Here’s a fact about seals. Seals are social. For all social mammals, a sense of shame is a survival mechanism. And seals? They can feel shame. It wasn’t the barfing, that’s something that happens everyday. For a seal, barfing is just a fun variation on breathing. It was the sense of being pushed out of the herd, a sense made real by the dancers forming an impenetrable circle around Jenora’s barf radius.

 

Remember how I said it takes two keys to unlock a seal’s powers? And one is blood, such as from a substandard shave job? Well, the shame of a barfing excommunication on the dance floor was the second key. And so, that night, I unlocked that door within Jenora.

 

I didn’t know any of this at the time, I learned this later, in my studies. What I saw at the time was this: Jenora, lying on the floor, his taffeta dress slipping off his hairless body. Jenora, lying on the ground, ashamed, vulnerable. Jenora, with a look of concentration like you never see on a seal. Jenora, quivering. Quivering with what I thought was fear, but with what was actually…power.

 

I didn’t see it at first, what he was doing. I heard it. The sick wet crunching, followed by the screaming.
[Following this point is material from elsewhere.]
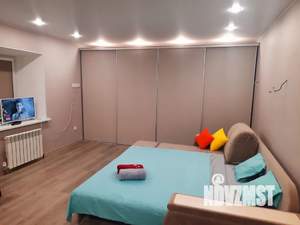 Студия квартира, посуточно, 36м2, 1/3 этаж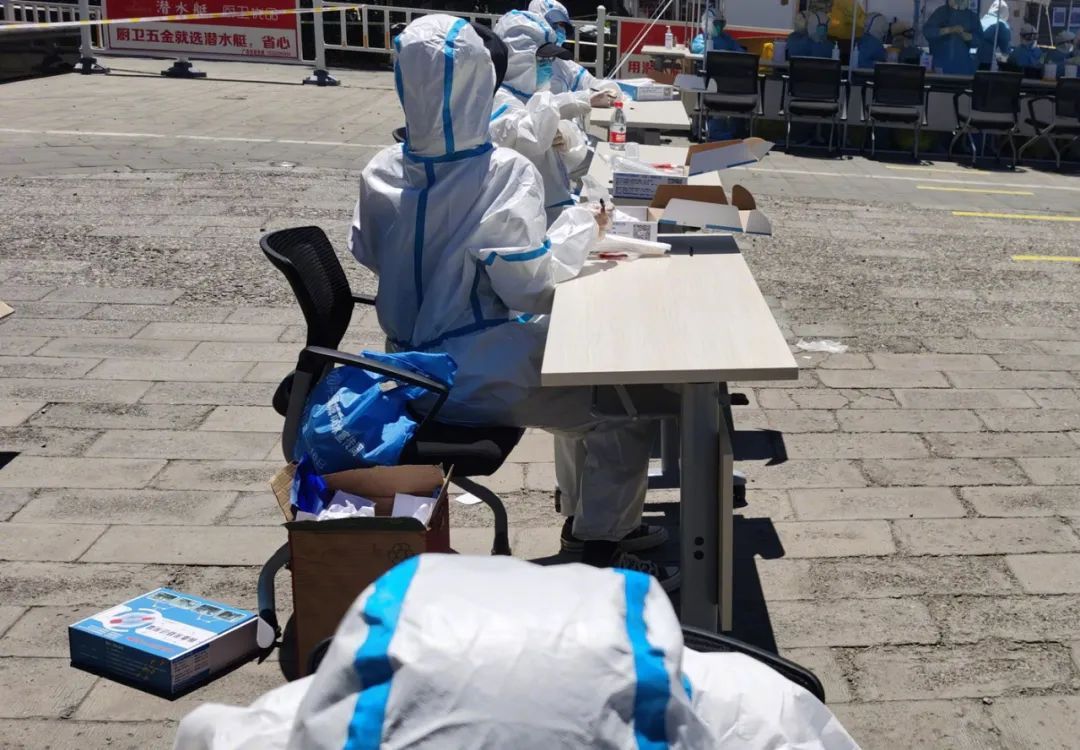 地表温度|地表温度40℃！“全副武装”的他们竟排查了北京近20万人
Anyone with flecks of barf on them had fallen down to the ground, and was screaming in what had shifted from disgust to pain. One man was clawing off his pants when I saw it: his legs were starting to fuse, his feet broadening out. That sound was the bones in his feet reforming into something new.

 

Flippers.

 

His feet were grinding their way into flippers. It was happening to all of them. They screamed in confusion and pain as their bodies contorted. Some tried to run, but it was useless. They no longer had run-friendly forms. Their eyes widened and their pupils grew, first in terror, and then physically as they were becoming seals.

 

Becoming seals. But not all the way. They were terribly useless hybrids, thirty-some nougat colored seal things, laying on the yacht club floor. In pain, in terrible pain, in bodies that didn’t exist as human and didn’t exist as seal, but in some mawkish twilit space in between those two, the borderlands of magic.

 

I looked at Jenora. He was exhausted. Was it the magic that had tired him? The muscle relaxants? Food coma? Probably all of it. I scooped him up, and pulled him towards the door. I passed the buffet and grabbed the last of the kielbasa spring rolls and left my broken classmates on the ground, a frenzied basking under the rented stage lights, and trying out their failing barks for the first time.

 

We left the yacht club. They tried to follow us, but the transformation had stopped, and their bodies simply did not work. And I brought Jenora to the parking lot, which was hard by the water, and we went down the gangplank to the marina. And the smell of the sea roused him a little, and he leapt from my arms into the sea. And his new children tried to follow him but were mostly beached at the door. Except for one guy named Terry Hartford, who’d somehow managed to muscle himself to the water’s edge. Terry was always very strong. He hit puberty before anyone I knew, and I wonder if that played a role here. He made his way past the door, and pulled his way along the gravel, scraping his skin terribly the whole way. And he rolled into the water after Jenora, his mother, Jenora, his creator. And as strong as he was, he was some idiot God’s guesstimate of a seal and he sank, writhing, blubbering, confused, to the ocean floor.